No opúsculo a que nos estamos referindo, vem citadas muitas passagens do poema, cujas interpretações servem de base a várias hipóteses, presunções e conjecturas, mas que apesar de habilmente arquitectadas não constituem argumentos comprovativos da tese que se pretende demonstrar. E algumas dessas interpretações encerram afirmativas excessivamente arrojadas, como se vê do seguinte trecho, que nem se aproxima duma aparente realidade: "A flora da Ilha dos Amores é igual á da Madeira, porque ambas são a mesma ilha. Outro tanto diremos da fauna, apesar de lá haver temidas gazelas (IX, 63, F) ou para ornar o estilo poético ou porque elas então existiam na ilha. Em Portugal não há ursos (referimo-nos á espécie zoologica) mas havia-os antigamente. A
Madeira de 1498 faz diferença da ilha maravilhosa de nossos dias. É natural, já lá vão mais de 400 anos».
Há, porém, outras interpretações, que aplicadas aos textos camonianos, com outro rigor de critica e uma mais demorada análise, poderiam conduzir a hipóteses e conjecturas de acertada verosimilhança e até possivelmente á descoberta de verdades incontroversas. No entretanto, julgamos bastante felizes e até de engenhosa arquitectura algumas dessas interpretações, que além de revelarem uma notável perspicácia de espírito mostram ainda um aprofundado conhecimento da nossa Biblia Nacional.

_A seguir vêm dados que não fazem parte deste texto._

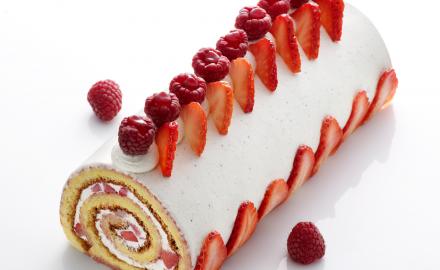 Gâteau roulé aux fraises et crème au Mascarpone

Registamos com prazer as palavras finais deste interessante opúsculo, que fica integrado na já vasta bibliografia madeirense:
«Ao terminarmos as presentes nótulas sobre o episódio fabuloso da Ilha dos Amores, que é (como todas as fábulas) um misto de verdades e ficções, daqui saudamos e felicitamos jubilosamente a
Fresca e bela Flôr do Oceano ilha namorada aparelhada lá no meio do reino de cristal liquido e manso, de dões de Flora e Zefiro adornada; Ilha maravilhosa da Madeira que do muito arvoredo assim se chama, formosa, alegre e deleitosa, por quem a Deusa Cipria se esqueceu de Cipro, Gnido, Pafos e Citera;
Insula divina Pérola do Atlantico que é
a ilha angelica pintada por Camões no epos da famosa gente nossa».